- Education: Ben Gurion University, Stanford
- Awards: IEEE fellow, the Luck-Hille chair in electrical engineering
- Scientific career
- Fields: Electrical Engineering
- Workplaces: Ben Gurion University
- Thesis: (2008)
- Doctoral advisor: Tsachy Weissman and Thomas Cover

= Haim Permuter =

Israeli electrical engineering scientist

Haim Henry Permuter  (Hebrew: חיים הנרי פרמוטר; born 1975) is an Israeli electrical engineering scientist. He is a professor in the School of Electrical and Computer Engineering at Ben-Gurion University of the Negev (BGU), where he holds the Luck-Hille chair in electrical engineering.

Permuter's research investigates the limits of data transfer in communication systems using information theory, machine learning and optimization. He is an IEEE fellow.

== Early life and education ==
Haim Permuter was born in Romania and immigrated to Israel with his family in 1982.

Permuter received B.Sc (summa cum laude) and M.Sc degrees in electrical engineering from Ben‑Gurion University. He earned his Ph.D degree from Stanford University in 2008 under the supervision of Prof. Tsachy Weissman and Prof. Thomas Cover.

== Academic career ==
Permuter joined the Electrical Engineering department at Ben-Gurion University in 2008 as a tenure-track department member. He became an associate professor in 2013 and a full professor in 2017.

From 2012, Permuter has served as the head of the communication, cyber and information track in the department.

Permuter was also an associate editor of IEEE Transactions on Information Theory (2013-2016 and 2022-2025).

Permuter has supervised several graduate students who subsequently pursued academic careers, including Ziv Goldfeld, an associate professor at Cornell University; Oron Sabag, a senior lecturer at the Hebrew University of Jerusalem; Ziv Aharoni, a postdoctoral associate at Duke University and Ohad Elishco, an assistant professor at Ben-Gurion University of the Negev.

Permuter authored over 200 scientific publications in journals and conferences.

== Research ==
Permuter’s theoretical work focuses on characterizing the fundamental limits of communication, particularly for channels with memory, feedback, cooperation, and secrecy, while developing tools to model complex real-world systems.

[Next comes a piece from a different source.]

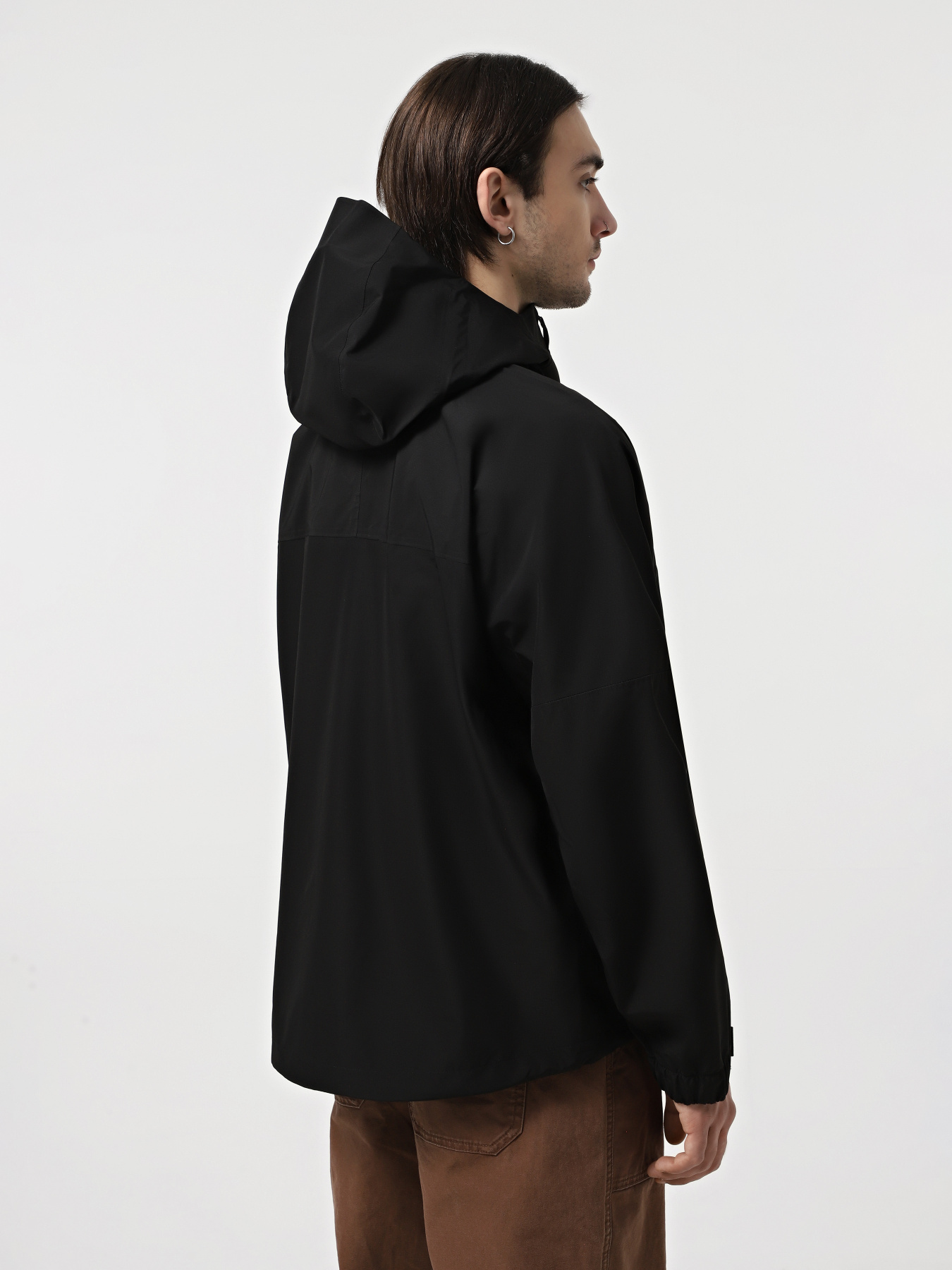 Куртки и дубленки Timberland Mobi Flex Tech 3 Layer Waterproof модель TB0A5S3ES76 Фото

In recent years, he has applied machine learning to estimate information-theoretic quantities and solve problems in channel capacity.

== Selected articles ==

- R. Hirsch, Z. Aharoni, H. D. Pfister, H. H. Permuter (2026). "Neural Polar Decoders for Receivers in Wireless Communication". IEEE Transactions on Communications 74, 6889-6903
- Z. Aharoni, B. Huleihel, H. D. Pfister, H. H. Permuter (2024). "Data-driven neural polar decoders for unknown channels with and without memory". IEEE Transactions on Information Theory 70 (12), 8495-8510
- D. Tsur, Z. Aharoni, Z. Goldfeld, H. H. Permuter (2023). "Neural estimation and optimization of directed information over continuous spaces". IEEE Transactions on Information Theory 69 (8), 4777-4798
- P. W. Cuff, H. H. Permuter, T.M. Cover (2010). "Coordination capacity". IEEE Transactions on Information Theory 56 (9), 4181-4206
- H. H. Permuter, P. Cuff, B. Van Roy, T. Weissman (2008). "Capacity of the trapdoor channel with feedback". IEEE Transactions on Information Theory 54 (7), 3150-3165
- H. H. Permuter, Y. H. Kim, T. Weissman (2011). "Interpretations of directed information in portfolio theory, data compression, and hypothesis testing". IEEE Transactions on Information Theory 57 (6), 3248-3259
- H. H. Permuter, J. Francos, I. Jermyn (2006 ). "A study of Gaussian mixture models of color and texture features for image classification and segmentation". Pattern recognition 39 (4), 695-706

== Honors and awards ==
Permuter received several awards, including a Fulbright Fellowship, a U.S.-Israel Binational Science Foundation Bergmann Memorial Award and a European Research Council (ERC) grant.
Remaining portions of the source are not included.